My love affair with Apple going back decades made my decision to buy their more recent iOS additions that much easier since they integrate so well. Apple is the only computer company that creates all of its own hardware and software; they control the entire package. Personal computers are a mishmash of parts and pieces from different sources. Hardware from one company, software from another. By contrast, many modern smartphone and computer makers get hardware from one place, and an operating system from another. When you live in the Apple ecosystem, you make a deal with Apple: I’ll pay you, and in exchange, you make sure everything plays nicely together. Google doesn’t seem capable of  providing that kind of tightly integrated experience.

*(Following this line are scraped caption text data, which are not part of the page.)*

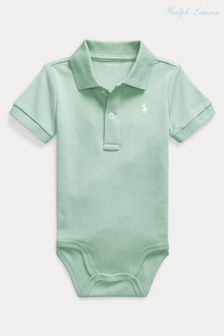 Barboteuse Polo Ralph Lauren polo en coton vert bébé (K87314) | €53
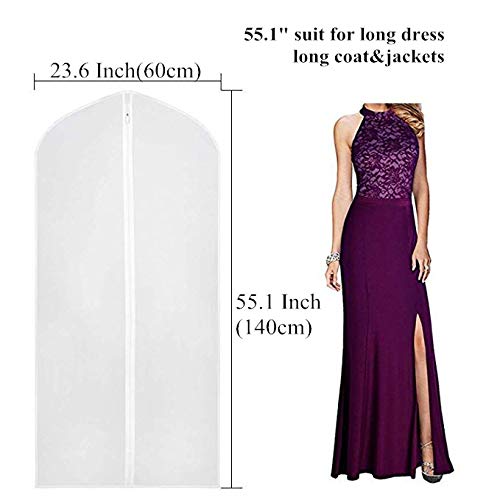 Clear Hanging Garment Bags with Heavy-Duty Zipper - 4 Pack White Plastic Clothing Dust Covers for Suits, Dresses & Closet Storage - Perfect for Travel, Moving & Seasonal Wardrobe Protection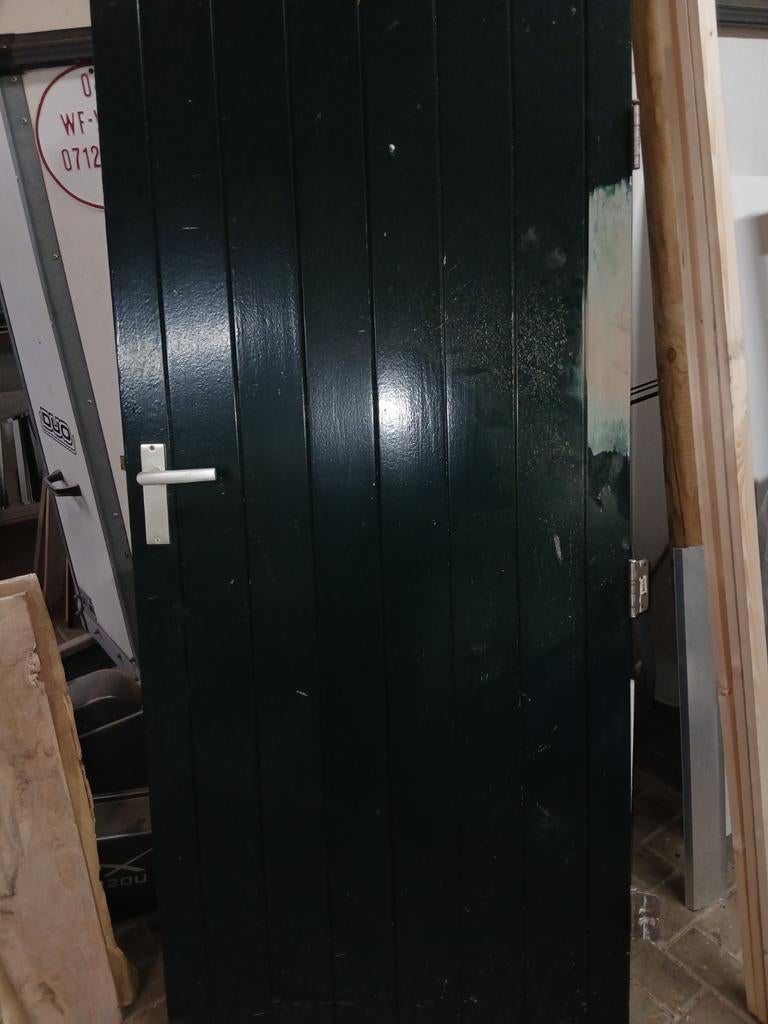 Houten poortdeur van hardhout - breedte 84 hoogte 181cm, Gebruikt, 80 tot 100 cm, Ophalen of Verzenden, Buitendeur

What Apple does best is remember that technology only exists to serve its users, and goes far beyond a list of features and hardware specs. And that’s why Apple will continue to drive the future of computing, regardless of whether Google and others end up winning the numbers game. Apple has a lot of discerning customers. People who are perfectly well aware of the alternatives, know full well how the prices of competitor products compare and have made a choice to pay a premium price for a superior product. I am one of those people.

I also really like Apple as a company. The reason the products are so good is precisely because Apple has strong values around quality, attention to detail and refusal to compromise. I love the fact that Apple concentrates on doing a small number of things very well, and doesn’t do what most companies in its position would do and slap an Apple logo on everything from baseball caps to cars.

So are you allowed to be patriotic and proud that Apple is an American company? You are damn right you are. No other American company so beautifully manages to garner such worldwide acclaim, fame and envy. No other company encapsulates the American spirit and pride so magnificently. Not only can you feel pride that Apple is an American company, you should feel pride in that fact. Apple has proven that American companies can not only compete with anyone but dominate their market and set the gold standard in quality while still being profitable.